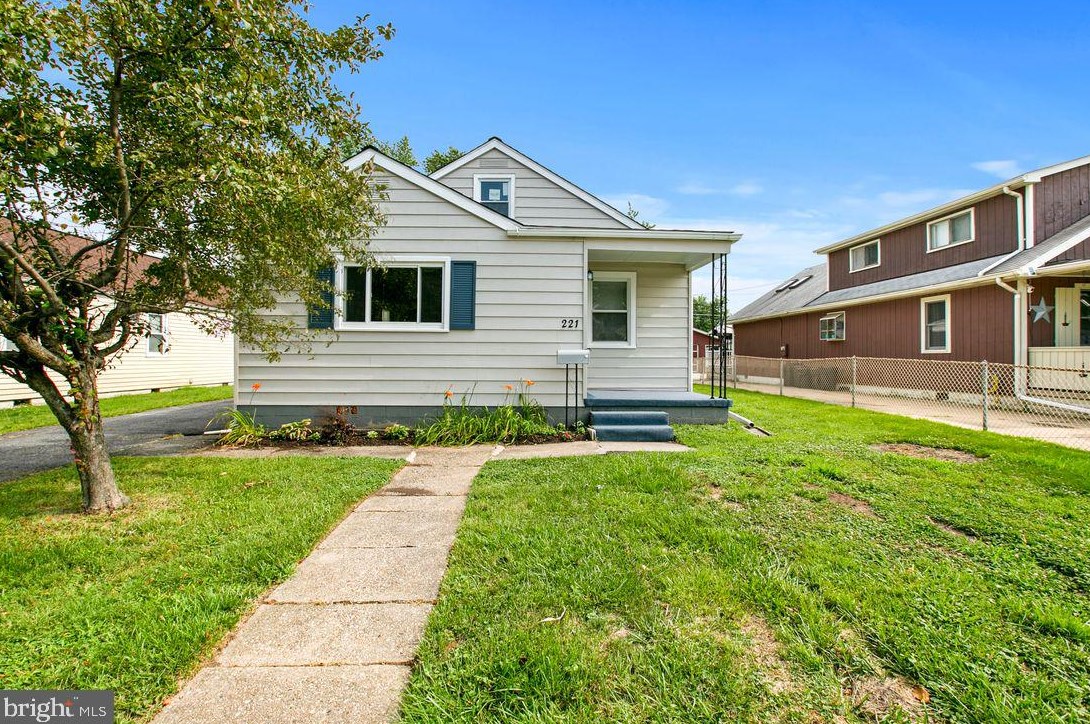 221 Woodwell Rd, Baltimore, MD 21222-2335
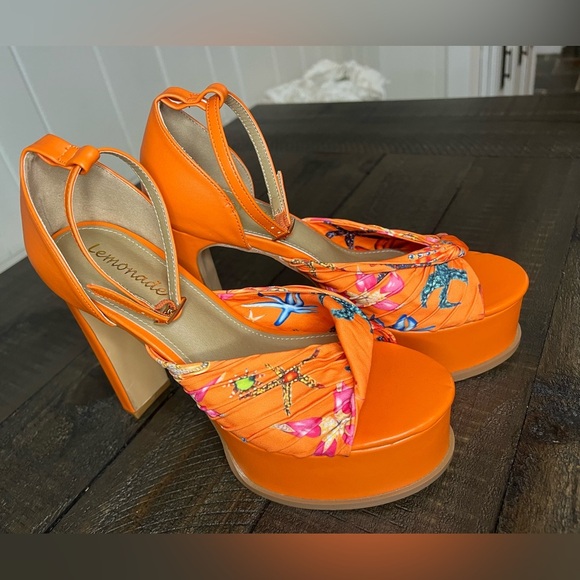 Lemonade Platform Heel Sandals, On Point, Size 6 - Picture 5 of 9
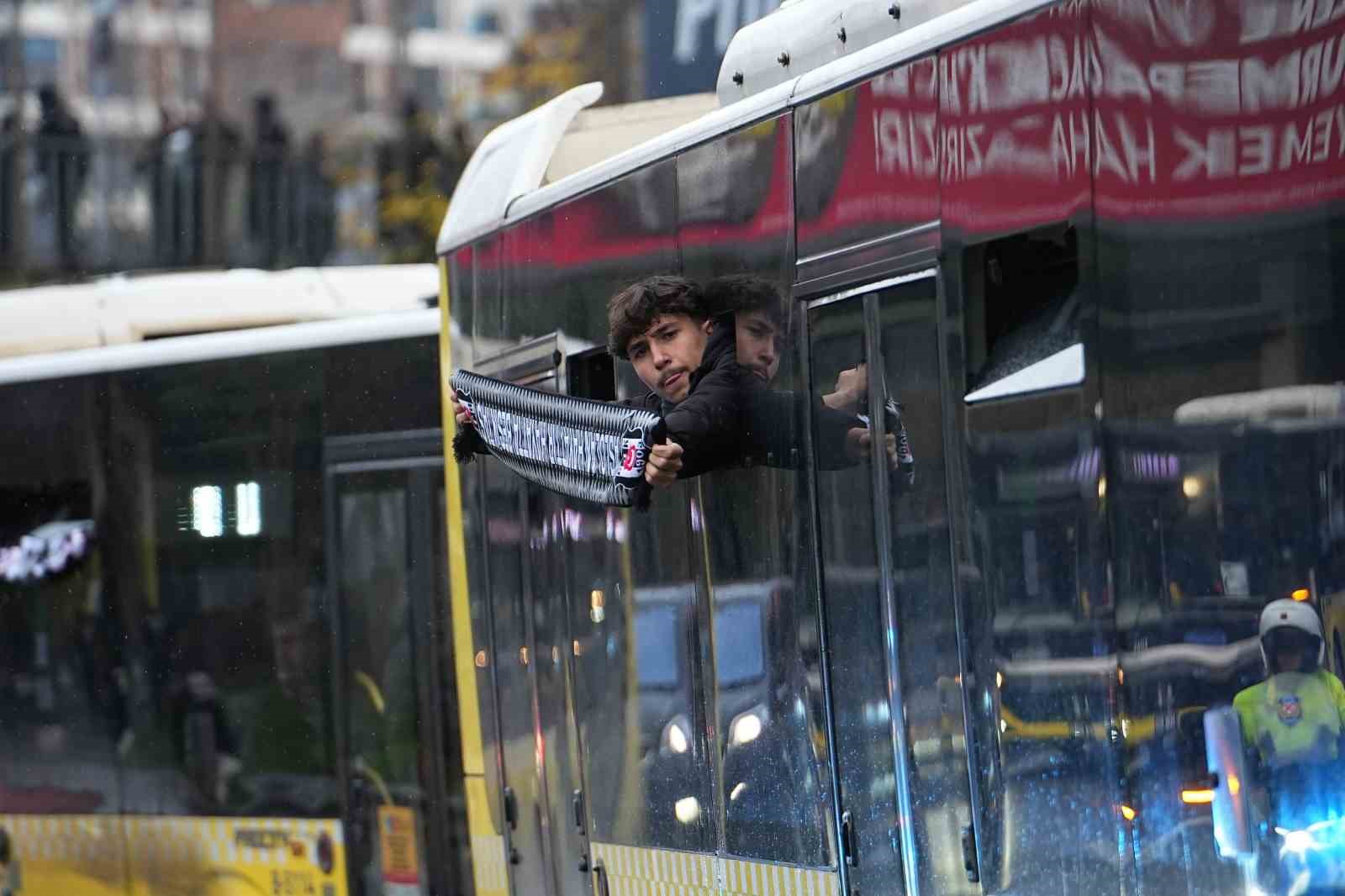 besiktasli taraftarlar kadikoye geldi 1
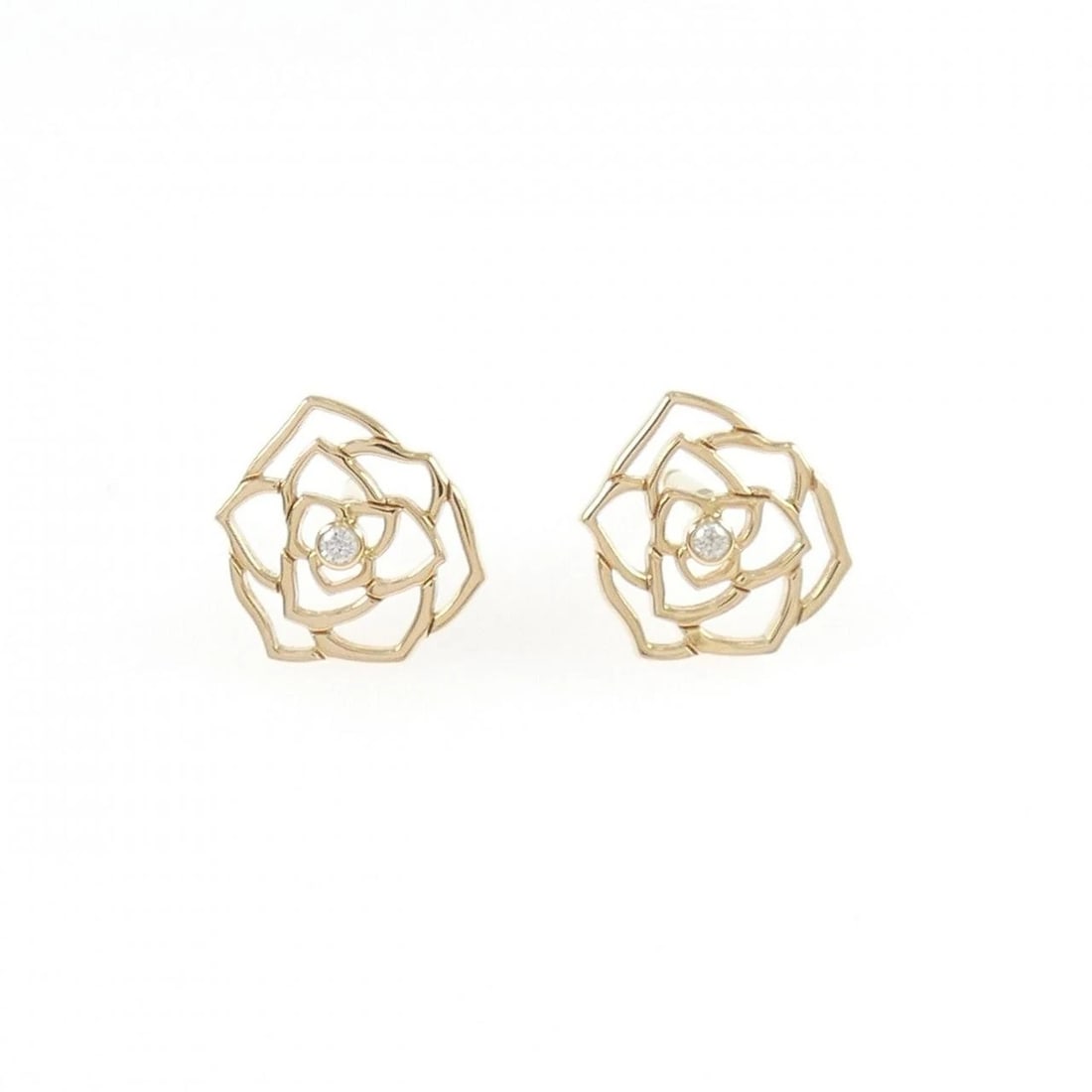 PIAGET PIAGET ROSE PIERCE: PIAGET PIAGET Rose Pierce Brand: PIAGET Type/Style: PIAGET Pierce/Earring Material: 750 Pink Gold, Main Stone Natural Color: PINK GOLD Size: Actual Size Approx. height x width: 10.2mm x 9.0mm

**What is being asked:**
Leaving aside every picture, transcribe exactly the lines that run from the one with "Lemonade Platform Heel" to the close of the listing above.

**Your response:**
 Lemonade Platform Heel Sandals, On Point, Size 6 - Picture 5 of 9
 besiktasli taraftarlar kadikoye geldi 1
 PIAGET PIAGET ROSE PIERCE: PIAGET PIAGET Rose Pierce Brand: PIAGET Type/Style: PIAGET Pierce/Earring Material: 750 Pink Gold, Main Stone Natural Color: PINK GOLD Size: Actual Size Approx. height x width: 10.2mm x 9.0mm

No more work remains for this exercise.